* **About this exercise**
In this exercise, the entries below include pictures. Repeat exactly the lines from the line with "female Flat Coated Retriever" to the line with "Hund som markerar spårapport", including both, but without the pictures.

* **Source material**
· · ·

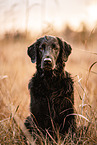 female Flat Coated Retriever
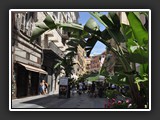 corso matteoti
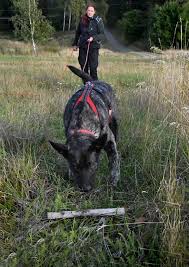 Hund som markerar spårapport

· · ·

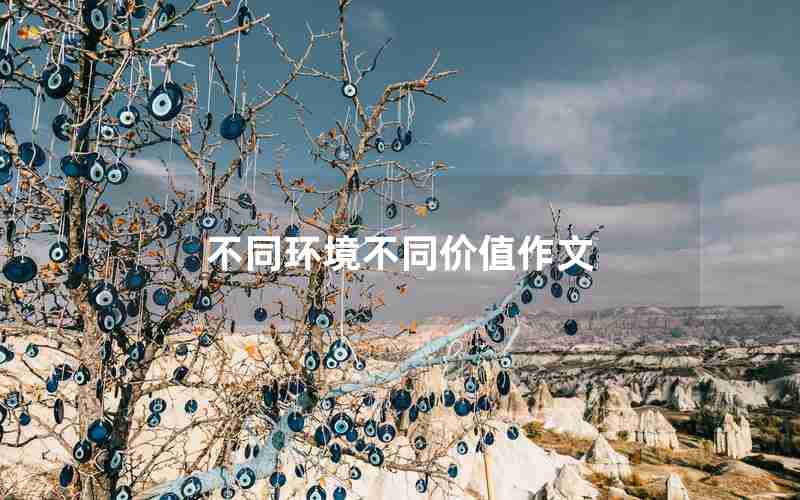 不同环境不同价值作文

· · ·

* **Solution to this exercise**
 female Flat Coated Retriever
 corso matteoti
 Hund som markerar spårapport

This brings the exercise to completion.